Principal Component Regression

GROMACS version:
GROMACS modification: No
Here post your question:

Dear all,
I am newbie on Gromacs and I would like to kindly ask you about some potential analysis that can be carried out on the md trajectory.

Currently I am studying a peculiar molecular crystal, from which I have identified a couple of interesting configurations I would like to further analyze. On top the MD simulation, I have calculated the Principal Component Analysis with Gromacs gmx covar and gmx anaeig.

I was wondering if it is possible to carry out a Principal Component Regression analysis, starting from the 2 relevant configurations I sampled and taking them as reference, compute the relative RMSD and dot product with respect to the PCs previously computed, and to filter out the motion related to the two sampled configurations.

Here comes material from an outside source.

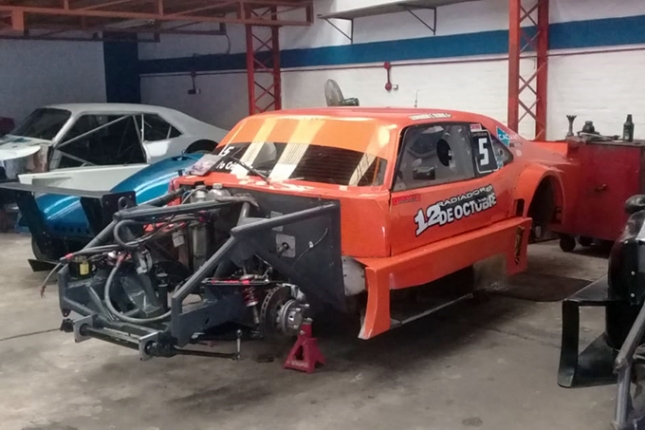 La Chevy naranja de Leo Olmos espera el arranque del campeonato en el &quot;bunker&quot; del Durante Competición.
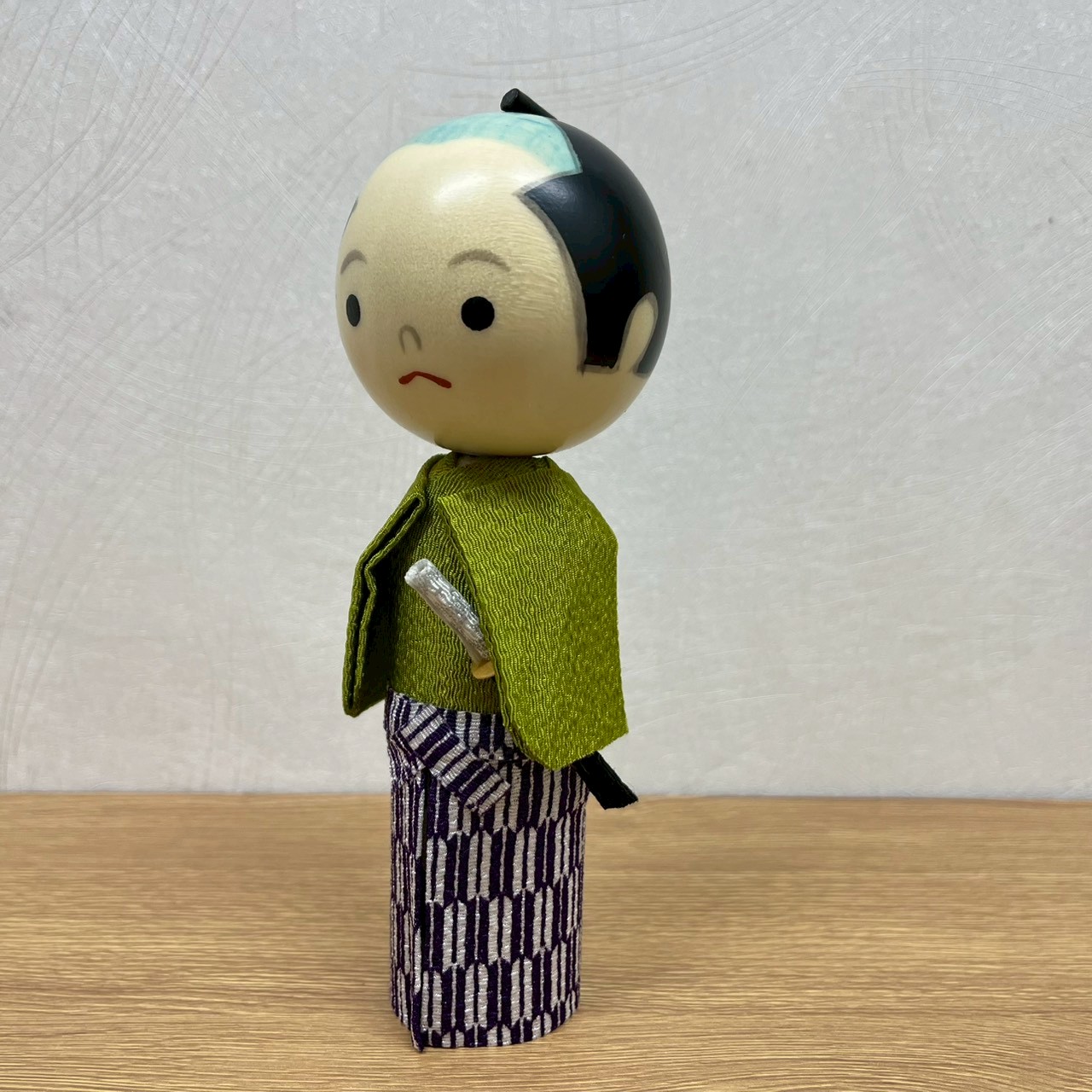 衣裳こけし若侍 日本のお土産に大人気 日本製 木製 民芸品 伝統工芸品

Thanks in advance for any suggestion and tip!
Best,
Tommy

Hi Tommy,

Of course, you can carry out the PCR - if you want to play with trajectory data in this way, I suggest using scipy / scikit-learn in combination with MDAnalysis or simlar tools to get your data into python first, because GROMACS analysis scripts do not support the whole zoo of regression methods that you will find in that type of python package.

However, it’s good to have a clear goal in mind on what behaviour you want to predict with this regression model? If you have an observable and want to find out the movement that is related to the change in observable, I suggest you have a look at this method

If you just want to explore what your system does during your simulation, I suggest you use the GROMACS tools that allow you to project your trajectory onto principal components with the GROMACS tools, or, alternatively, use the frames that have extreme values in the PCA projections to get an idea of the range of movement in your system.

Best,
Christian

Hi Christian!
Oh I see, thanks a lot for the suggestions and paper, I will have definitively a look at it.

In the plethora of codes out there it is really hard to figure out which is the best one suited for this kind of analysis.

Thanks a lot again for the suggestion!
Best,
Tommy